Contiguous physical allocation of a set of files in linux filesystem (ext4)

4

2

I have a set of files that I wish to be allocated contiguously in the filesystem. I will be accessing all these files sequentially in a single read one after the other and I want to optimize reading them. I can't combine them into a single file , and I am looking for a solution which will allow them to be individual files.

I am using an ext4 file-system and I was wondering if there is some existing tool which might do this for me as I learnt that ext4 supports online block exchange and defragmentation. I tried using e4defrag on my directory of files , although it ensured each individual file was defragmented, each file itself was in a separate block not necessarily adjacent to the other files. (I used filefrag -v file_name to verify if they were being allocated next to each other or not)

EDIT: Just to clarify on file access patterns, These files will be written exactly once and never modified again. They will be read frequently, but in such a manner that if any one of them is read all the other files in the set will also likely be needed to be read. What I intend to do is prefetch all these files together into the filesystem buffer/cache in one go, so that subsequent random reads of any of these files will be really fast. (The total file size is small enough 100~200MB to fit in cache). What I am trying to improve right now is the read performance when I try to load these files into cache. Right now read performance takes a hit while trying to prefetch them into cache because there are multiple disk seeks as they are located in disjoint segments.

phininity

Posted 2013-11-11T05:56:20.913

Reputation: 161

I'm not sure what @phininity's purposes are, but I came here because I'm hoping to put all my torrent files physically side-by-side, sorted to match the logical layout of the torrent chunks; I want to avoid seeking overhead+wear when seeding torrents. Being able to read at least a chunk straight through would be great. – JamesTheAwesomeDude – 2016-08-09T19:12:23.290

(Old topic, I know.) Can you be more specific with some metrics, like the number of files, measured time to read them with current setup, expected time after optimization? If the filesystem is not near-full, there should not be a big difference. Also, what context requires such an optimization scheme? Those hints are important to provide actual help and make sure we're not in a case of [http://xyproblem.info/](XY problem). – Stéphane Gourichon – 2017-07-18T16:11:45.107

IIRC , I was trying to optimize boot-up time for a custom linux setup I had. Basically the goal was to prefetch all required system files into RAM to minimize time wasted in IO. I tested my hypothesis by measuring boot-time break-downs with files first put up on a ramdisk which showed significant improvements. However getting them on the ram disk was still slow. I've unfortunately lost the metrics for time/number of files as I've since moved on to different hardware and an SSD which obsoleted this goal for me.

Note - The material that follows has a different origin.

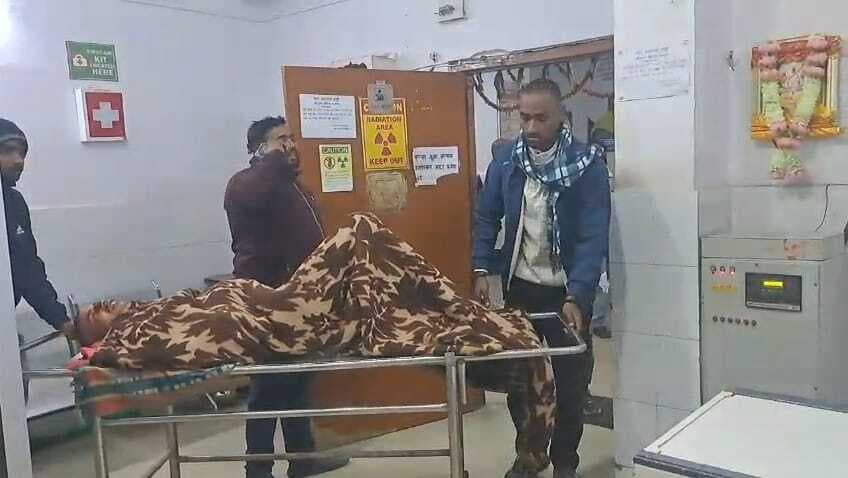 बालू लदे ट्रैक्टर की टक्कर से स्कूटी सवार दो लोग घायल, पटना रेफर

I'm still curious though, if it's easy to re-organize filesystem blocks. – phininity – 2017-07-19T18:15:44.537

Would you elaborate your scenario a bit more? E.g., are these files written once and then read once? ... Read/write a lot, and often? Do you wish to enhance read performance or read/write performance? How does "random" file placement prevent achieving the performance requirements? – rickhg12hs – 2013-11-11T14:24:57.227

@rickhg12hs The files are static and won't change so write performance need not be considered. I'm only concerned about improving read performance and infact I will always attempt to prefetch the entire set of files to transparently improve performance of several other processes that will immediately use several of them. – phininity – 2013-11-12T05:49:06.000

Easiest way I can think of off the top of my head is to just create a separate partition that is just big enough for the files. As an added bonus, if you create the partition at the beginning of the disk, it'll be even faster. – Lawrence – 2013-11-12T07:51:07.740

1Just wondering ... is this premature optimization? Could writing/duping these files to a ramdisk help? Or your prefetching will work great if it's completed before the data is needed. – rickhg12hs – 2013-11-12T09:56:19.720

Answers

0

Not exactly a way to re-organize filesystem blocks, but…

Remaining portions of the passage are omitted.